Task to complete:
With the pictures removed, retype the lines from the one holding "الإشراف على الاختبارات" through the end of the records, exactly as written.

Records from a data collection:
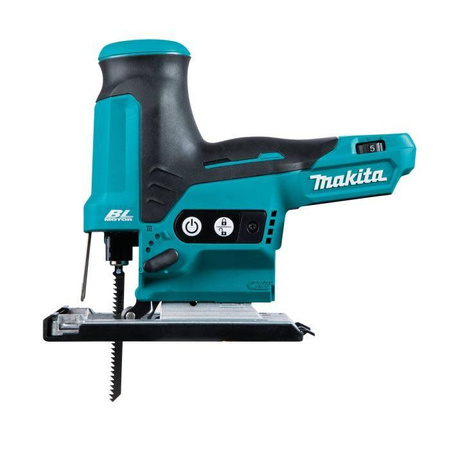 MAKITA JV102DZ AKUMULATOROWA WYRZYNARKA 12V CXT
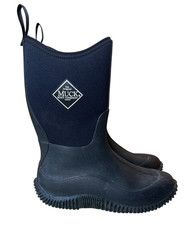 Original muck boot for sale  Bellville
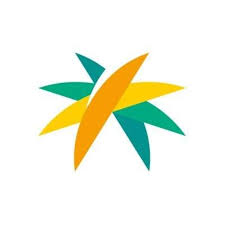 الإشراف على الاختبارات الدولية المطبقة في المعاهد الخاصة. Ø§Ù„Ù…ÙˆØ§Ø±Ø¯ Ø§Ù„Ø¨Ø´Ø±ÙŠØ© ØªÙˆØ·ÙŠÙ† Ø§Ù„ÙˆØ¸Ø§Ø¦Ù Ø§Ù„ØªØ¹Ù„ÙŠÙ…ÙŠØ© ÙÙŠ Ù…Ù†Ø´Ø¢Øª Ø§Ù„ØªØ¹Ù„ÙŠÙ… Ø§Ù„Ø¹Ø§Ù… Ø§Ù„Ø£Ù‡Ù„ÙŠ Ø£Ø®Ø¨Ø§Ø± Ø§Ù„Ø³Ø¹ÙˆØ¯ÙŠØ© ØµØ­ÙŠÙØ© Ø¹ÙƒØ§Ø¸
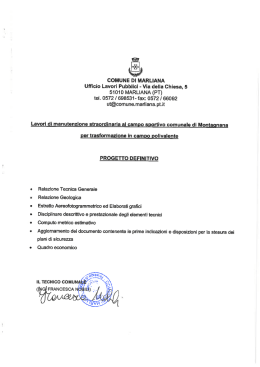 Scarica il file allegato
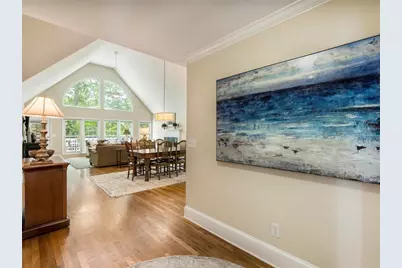 5075 Harbour Ridge Drive, Alpharetta, GA 30005 - Photo 11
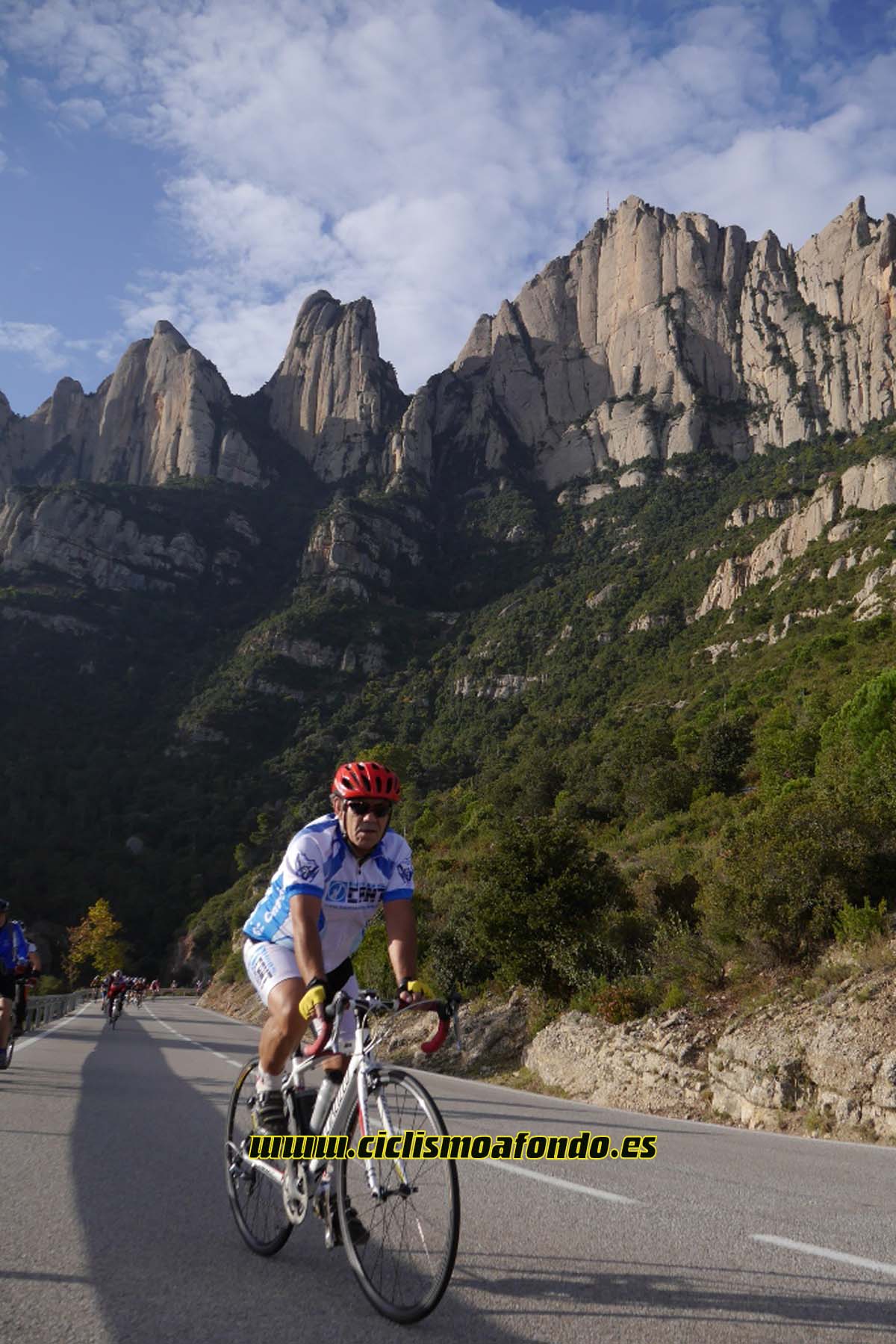La Montserratina 2014_1
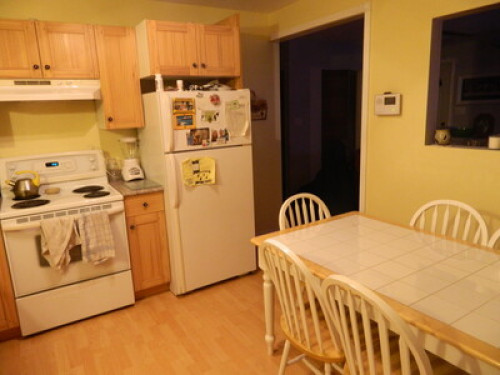 Friendly atmosphere in Saskatoon  - Gallery -  5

Answer for the task:
 الإشراف على الاختبارات الدولية المطبقة في المعاهد الخاصة. Ø§Ù„Ù…ÙˆØ§Ø±Ø¯ Ø§Ù„Ø¨Ø´Ø±ÙŠØ© ØªÙˆØ·ÙŠÙ† Ø§Ù„ÙˆØ¸Ø§Ø¦Ù Ø§Ù„ØªØ¹Ù„ÙŠÙ…ÙŠØ© ÙÙŠ Ù…Ù†Ø´Ø¢Øª Ø§Ù„ØªØ¹Ù„ÙŠÙ… Ø§Ù„Ø¹Ø§Ù… Ø§Ù„Ø£Ù‡Ù„ÙŠ Ø£Ø®Ø¨Ø§Ø± Ø§Ù„Ø³Ø¹ÙˆØ¯ÙŠØ© ØµØ­ÙŠÙØ© Ø¹ÙƒØ§Ø¸
 Scarica il file allegato
 5075 Harbour Ridge Drive, Alpharetta, GA 30005 - Photo 11
La Montserratina 2014_1
 Friendly atmosphere in Saskatoon  - Gallery -  5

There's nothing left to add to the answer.